After all my previous musing about finding audiences and how to appeal to them, I decided I'd start a series of posts where I look at the whole technology, so to speak, of finding and keeping an audience with a given work.
Every piece of work finds and keeps a different readership. It's not always possible to know, in advance, what kind of audience you get — although you can make educated guesses based on what the readership is for previous work in a similar vein. This is where the concept of the target market (I know, yecch) comes from, for good or bad, and I suspect I'm going to be invoking it at least as much as I end up deconstructing it and tunneling under it during these discussions.
Talk to Hollywood marketing folks and they eventually mention another word that makes creative people crawl under the table: demographics. Specifically, they talk about "quadrants": male, female, over-25, under-25. The way they see it, a movie that can hit all four of those quadrants is a guaranteed financial success. If something only appeals to one or two of those, it's limited at best. If the film's not a clear sell to any of those demographics — or if they don't think it is — it gets pushed into the swamp and laughed about some years later in "X Biggest Bombs" lists on io9 or FilmJerk.
I thought about how a story in general can be considered to have quadrants of its own — not in terms of demographics it's meant to reach, but in terms of what it provides to the reader. Here's the split I came up with:
- Entertainment. The reader should have a good time actually reading the book. This could be in a very brainy, rarefied way (Thomas Pynchon is one kind of fun), or in a straight-up mainstream way (John Grisham is another kind of fun), or in a totally maverick way (Daniel M. Pinkwater, long may you run).

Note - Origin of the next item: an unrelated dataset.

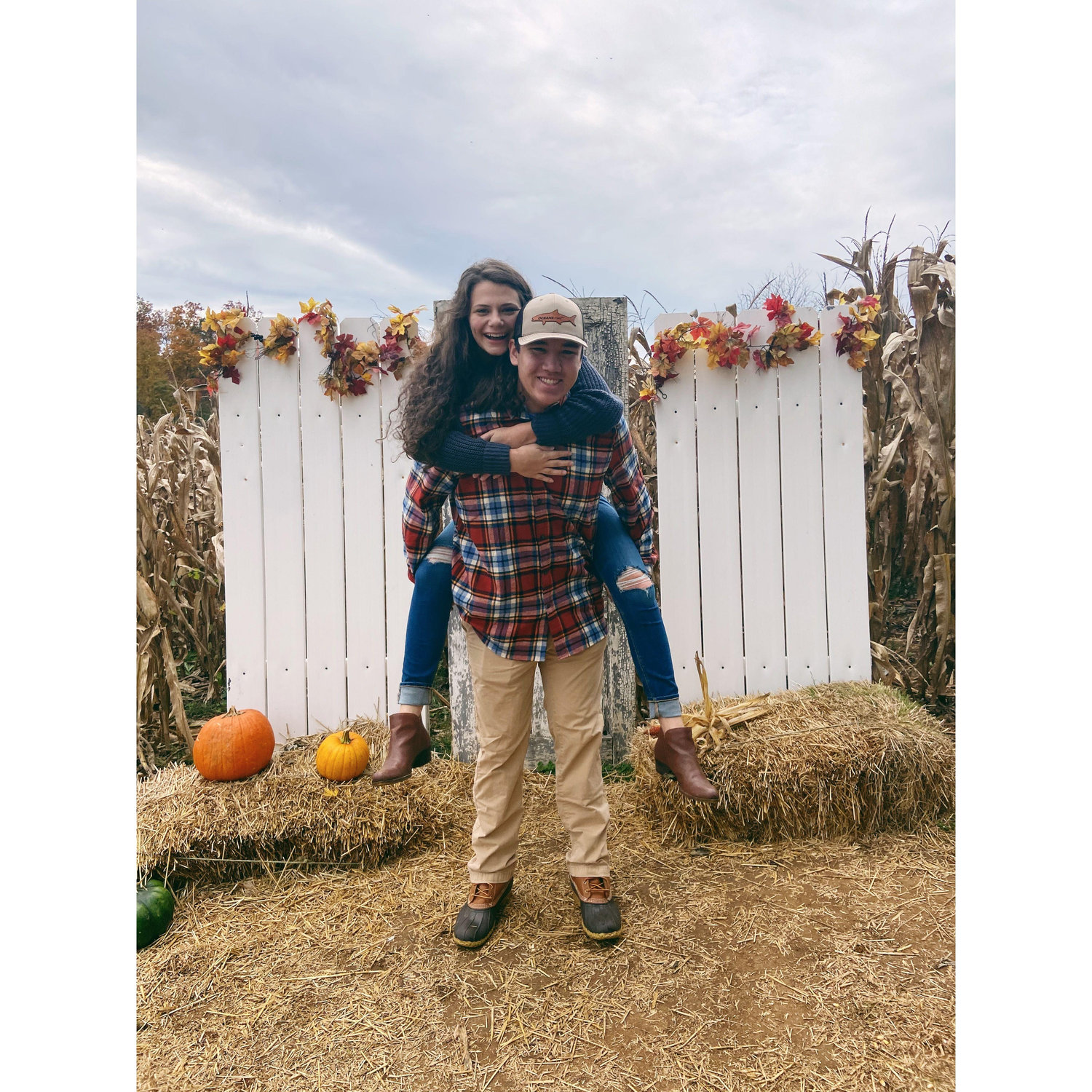 A trip to the pumpkin patch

- Information. Whenever possible the reader should leave the book knowing something a little more than when they went in. This is technical or worldly knowledge, research.

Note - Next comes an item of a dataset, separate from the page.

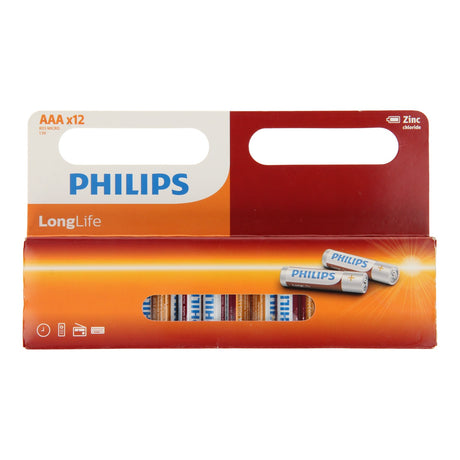 Philips Longlife-Batterie Zink AAA R03, 12 Stk.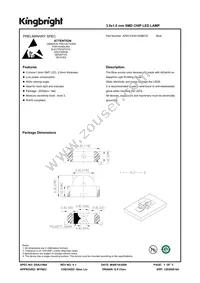 APECVA3010QBC/D Datasheet Cover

- Wisdom/insight. The author should find some grain of truth about human behavior and communicate it. If that grain of truth seems superficial (the idea that good and bad is in all of us) then the author should do their best to dig a little deeper (it is easy to believe we are not responsible for the provisions of good and bad that we all carry, but such thinking is a temptation to be fought).
- Empathy/affection. The author should find some way to make the reader care about what goes on, especially through the people it all happens to. The variety of emotion can vary: we can admire these people despite their behavior, because we're curious about what they do next (villains are good for this); we can root for them; we can simply want to feel that we'd like to spend time with them in the real world. This last is a rule of thumb I've seen elsewhere, via the Gene Siskel Test for films: Given a particular film, is it as interesting as a documentary about the cast and crew of said film sitting around having lunch?
I noticed after typing this that each one of these elements requires slightly more explanation than the previous one. No accident, I suspect: the further you go into the list, the more heavy lifting is needed on the part of the author. It's easier to entertain than it is to inform, and it's easier to do both of those things than to either impart what you've learned or make us care about someone.
Small wonder, when I hear one of the hardest kinds of books to write is works for children. There, you can't not afford to engender empathy and affection for your characters; it only looks easy from the outside.
This formula is still very much under wraps, and I don't expect it to be any kind of absolute. Consider it a draft guide for my thoughts as they continue to evolve on this subject.